*** MATERIALS PROVIDED ***
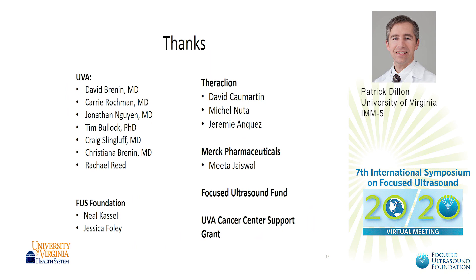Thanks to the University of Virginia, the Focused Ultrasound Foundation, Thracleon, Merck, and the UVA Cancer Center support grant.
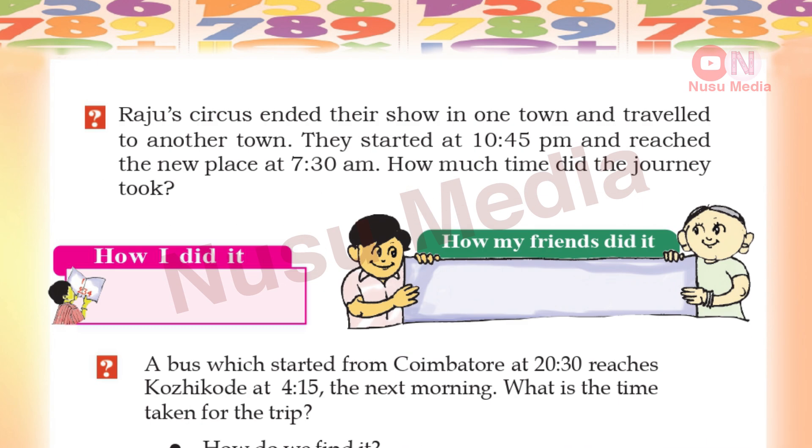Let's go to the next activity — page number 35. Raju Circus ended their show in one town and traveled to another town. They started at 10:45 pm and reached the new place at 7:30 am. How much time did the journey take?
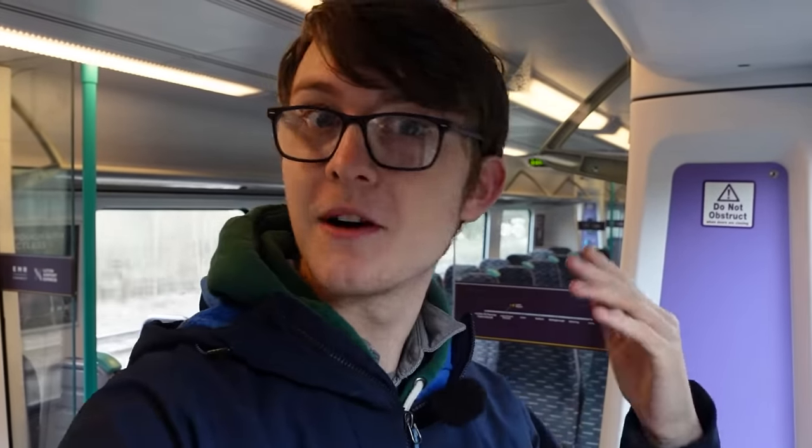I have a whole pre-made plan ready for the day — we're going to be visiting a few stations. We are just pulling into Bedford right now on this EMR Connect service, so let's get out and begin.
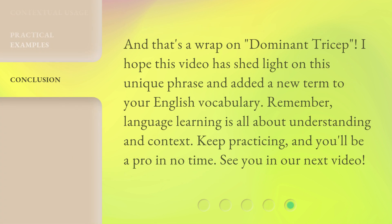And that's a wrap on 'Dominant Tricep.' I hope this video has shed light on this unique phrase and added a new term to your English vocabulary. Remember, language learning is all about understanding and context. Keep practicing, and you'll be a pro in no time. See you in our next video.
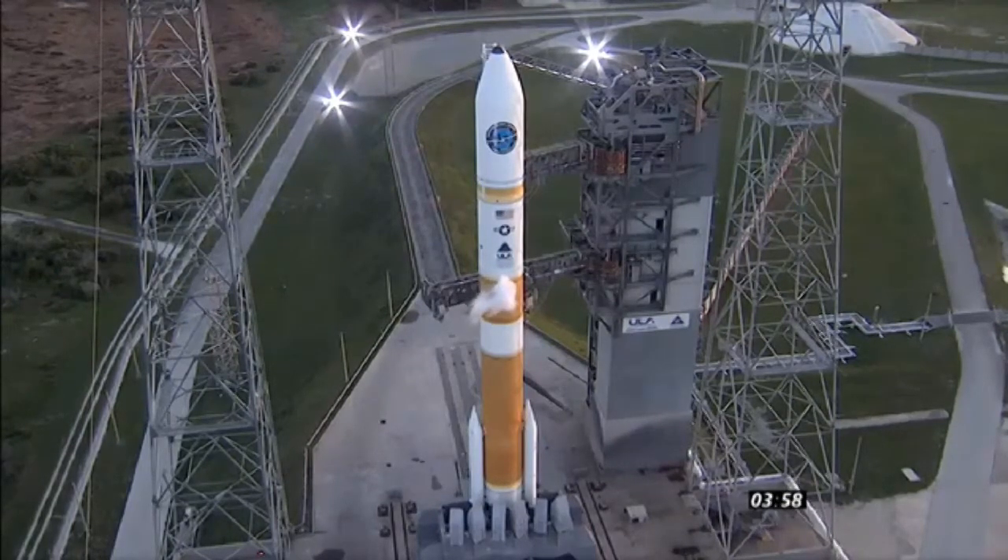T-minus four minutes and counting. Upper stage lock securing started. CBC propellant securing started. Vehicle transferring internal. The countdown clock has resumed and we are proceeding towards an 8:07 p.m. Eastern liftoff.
*** End of MATERIALS PROVIDED ***
## [YOUR INSTRUCTIONS]
Output the data exactly as it is, with the pictures dropped.

## [OUTPUT FOR THIS EXERCISE]
Thanks to the University of Virginia, the Focused Ultrasound Foundation, Thracleon, Merck, and the UVA Cancer Center support grant.
Let's go to the next activity — page number 35. Raju Circus ended their show in one town and traveled to another town. They started at 10:45 pm and reached the new place at 7:30 am. How much time did the journey take?
I have a whole pre-made plan ready for the day — we're going to be visiting a few stations. We are just pulling into Bedford right now on this EMR Connect service, so let's get out and begin.
And that's a wrap on 'Dominant Tricep.' I hope this video has shed light on this unique phrase and added a new term to your English vocabulary. Remember, language learning is all about understanding and context. Keep practicing, and you'll be a pro in no time. See you in our next video.
T-minus four minutes and counting. Upper stage lock securing started. CBC propellant securing started. Vehicle transferring internal. The countdown clock has resumed and we are proceeding towards an 8:07 p.m. Eastern liftoff.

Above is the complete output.